Images of Ilaria Salis, a 39-year-old teacher, arriving at court in Budapest on Monday with her hands and feet in shackles provoked outrage in Italy, where even hardened Mafiosi on trial for multiple murders are rarely seen in chains. Several front page headlines proclaimed on Tuesday that she had been “treated like an animal”.
The case is a political headache for Meloni, who has been known for her long-standing warm relations with Orbán, and threatens to generate friction between the two leaders as they prepare for EU elections in June.
The Italian leader’s personal appeal to Orbán to intervene on behalf of Salis came after the Hungarian ambassador to Italy was summoned to the foreign ministry in Rome earlier in the day for a dressing down.
“An Italian in chains — tied hand and foot in Hungary,” Giuseppe Conte, leader of Italy’s opposition Five Star Movement, wrote in a social media post on Tuesday, ahead of the phone call. “Giorgia Meloni, we don’t care that Orbán is a dear friend of yours. We need to act with the utmost determination and raise our voices.”
Salis, who was allegedly involved in an international anti-fascist group, has been charged with grievous bodily harm and engaging in organised crime for allegedly helping to orchestrate violent assaults in Budapest in February last year.
The attacks took place in the wake of a far-right march through the Hungarian capital, after which alleged leftist militants, some using iron bars, attacked several people whom they suspected of being neo-Nazi sympathisers.
Her family and relatives say she has been held in inhumane prison conditions since her arrest last February.
“This is not Europe,” Carlo Calenda, an Italian opposition lawmaker, wrote on X, likening the images of Salis in court to the “shameful acts of South American dictatorships of the 1970s”. He demanded that the Italian government and Brussels protest.
The use of shackles is not unusual in Hungarian court proceedings.
Before Salis’ court appearance on Monday, Meloni’s government had not previously commented publicly on the case, and Salis’s family has expressed frustration with Rome’s lack of interest. But after the public outcry, Antonio Tajani, Italy’s foreign minister, demanded that Salis’s “rights, as per EU standards, are respected while [she] awaits trial”.
Italy’s foreign ministry said on Tuesday that it had reminded the Hungarian ambassador of Budapest’s responsibility to protect “the dignity of those in prison”.
It also asked the Hungarian government to ensure the conditions of Salis’ detention were “in line with European legislation” and to consider the possibility of alternatives to prison, the statement said. Rome has suggested that Salis could be kept under house arrest until her trial.
Salis has rejected the charges against her. “I did not commit these crimes, I do not accept the accusations,” she told the court, according to local media.

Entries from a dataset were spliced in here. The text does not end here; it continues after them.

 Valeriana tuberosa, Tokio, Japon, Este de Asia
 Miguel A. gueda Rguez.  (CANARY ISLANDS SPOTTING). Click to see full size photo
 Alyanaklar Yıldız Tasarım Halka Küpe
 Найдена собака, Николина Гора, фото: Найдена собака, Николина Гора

Police released a video last year that shows eight attackers using metal rods, hammers and pepper spray, beating and kicking a man near a Budapest housing estate last February. After storming him from behind and assaulting him, the attackers quickly dispersed. Five similar attacks took place in the city within 48 hours.

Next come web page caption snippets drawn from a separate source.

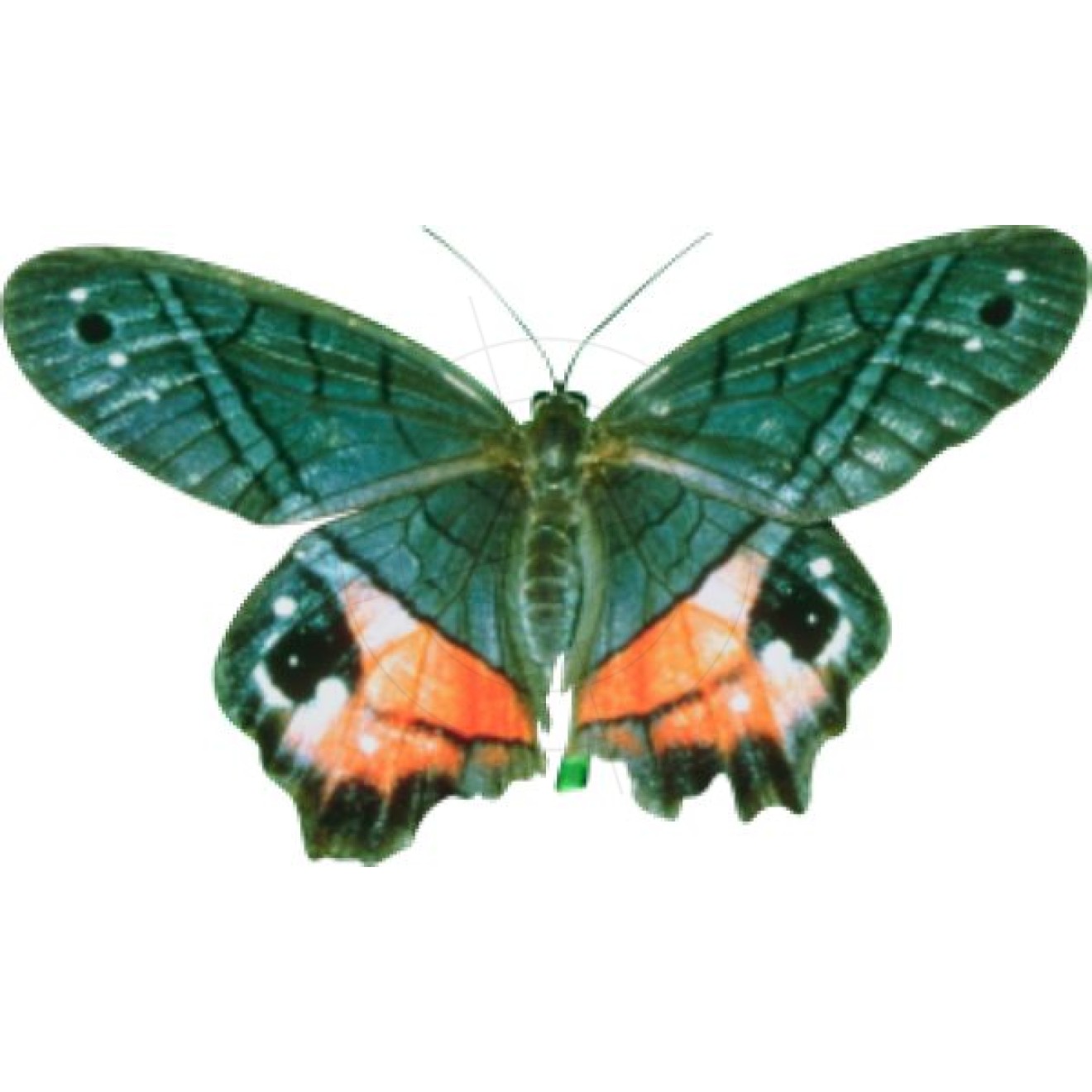 Schmetterling 9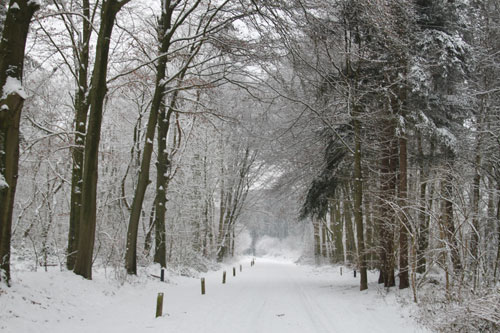 Winter in Hummelo (24-12-2010)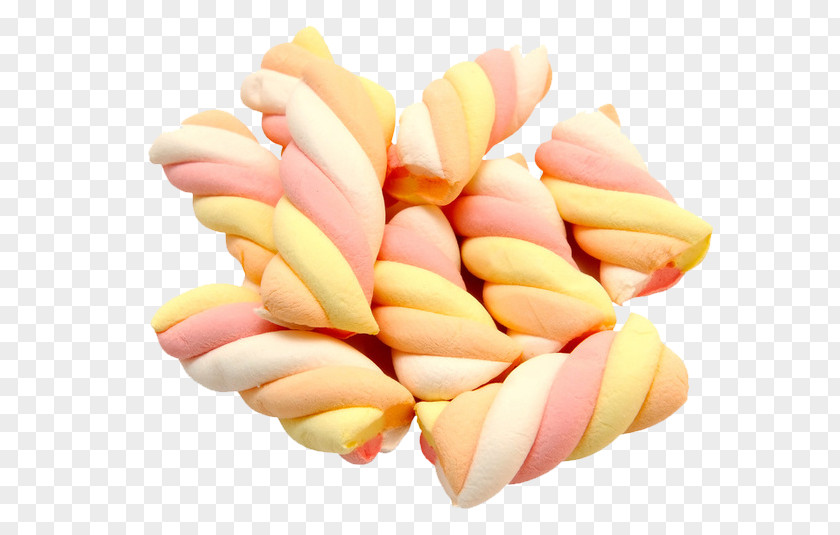 Lollipop Zefir Marshmallow Candy Gumdrop PNG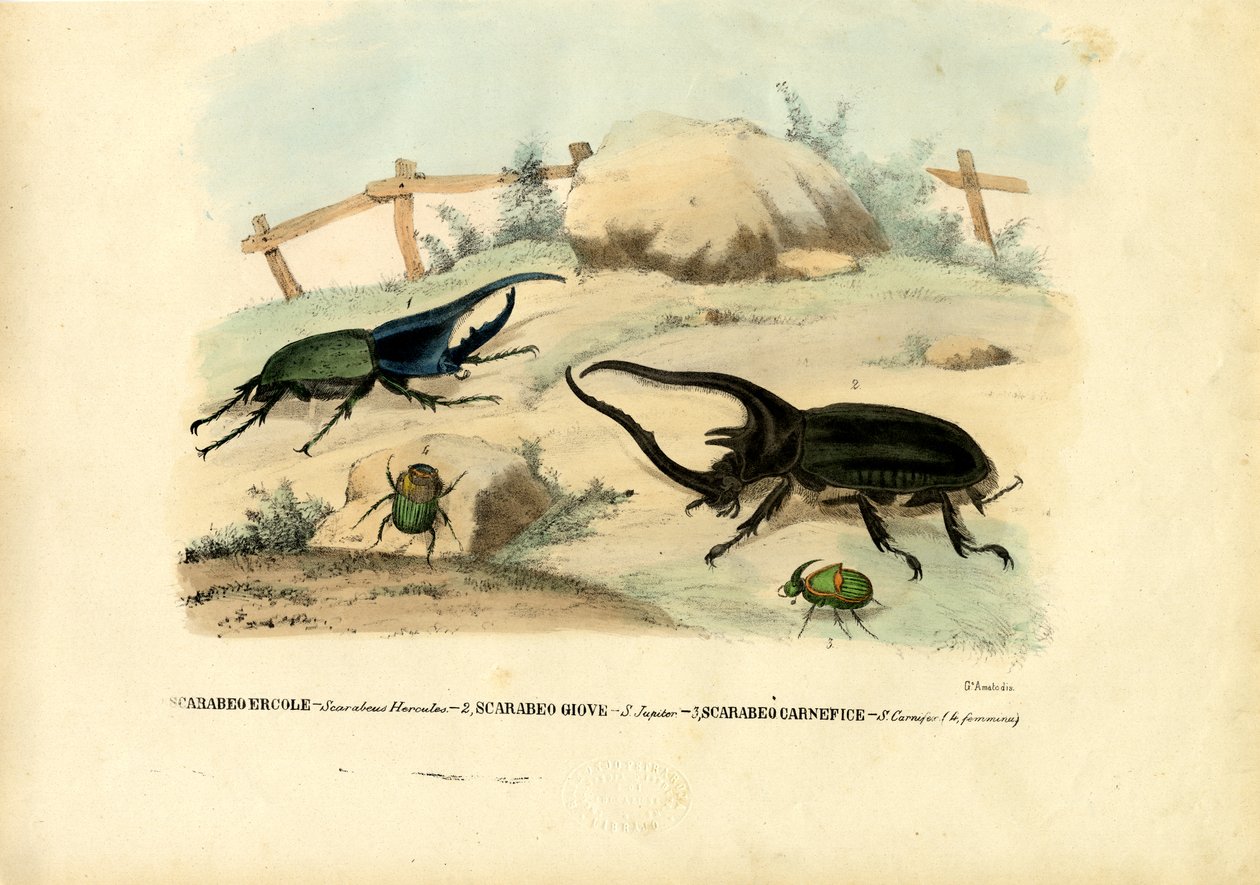 Scarab Brouci, 1863-79 od Raimundo Petraroja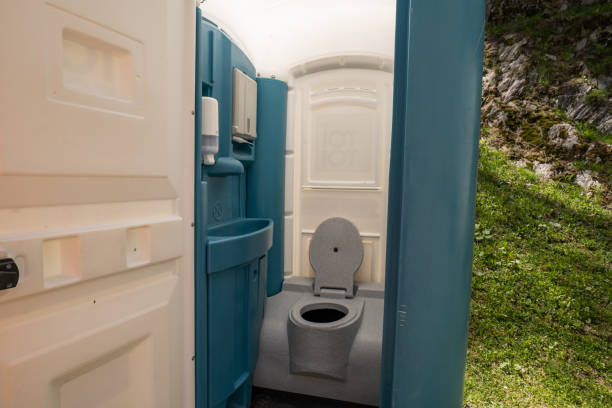 Best Portable Toilet Rental for Emergency Services  in Lakeview, MI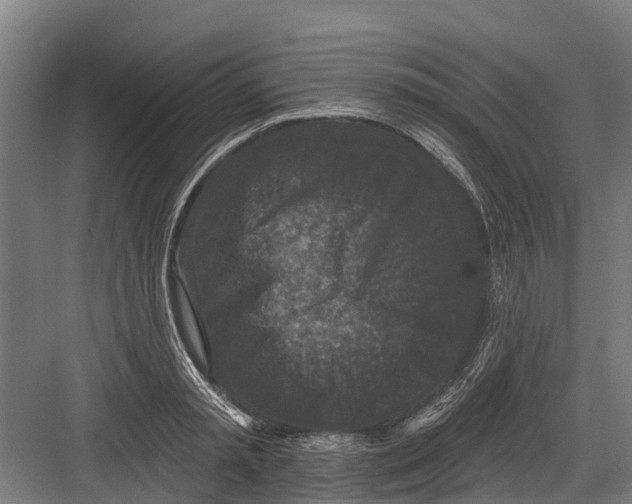 X0000082680797200702161657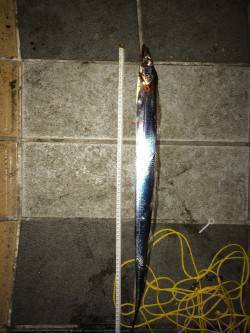 マリーナシティで電気ウキ釣り、タチウオ6本…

The attacks coincided with a far-right commemoration of a second world war battle called the Breakout, when Wehrmacht soldiers and their Hungarian allies tried to escape through a 1945 Soviet blockade of Budapest.
Prosecutors said last year that it was plausible the suspects in the case arrived in Hungary “because of Breakout Day”. Two others have been charged alongside Salis. Police have issued international arrest warrants for a further 14, most of them German citizens.

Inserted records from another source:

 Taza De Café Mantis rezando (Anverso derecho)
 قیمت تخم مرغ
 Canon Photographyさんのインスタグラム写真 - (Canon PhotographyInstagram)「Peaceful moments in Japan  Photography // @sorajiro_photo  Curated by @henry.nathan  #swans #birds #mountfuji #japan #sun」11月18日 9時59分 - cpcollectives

Salis’s defence attorney György Magyar called the charges — with their potential 11-year maximum sentence — “wholly disproportionate” and said he would challenge them in court.
Salis and her co-defendants “took an ideological stand. It was a form of civil disobedience, not organised-crime violence”. Magyar said. “The charges against her are of being present at two of the locations, along with her peers. But our defendant denies she is at fault.”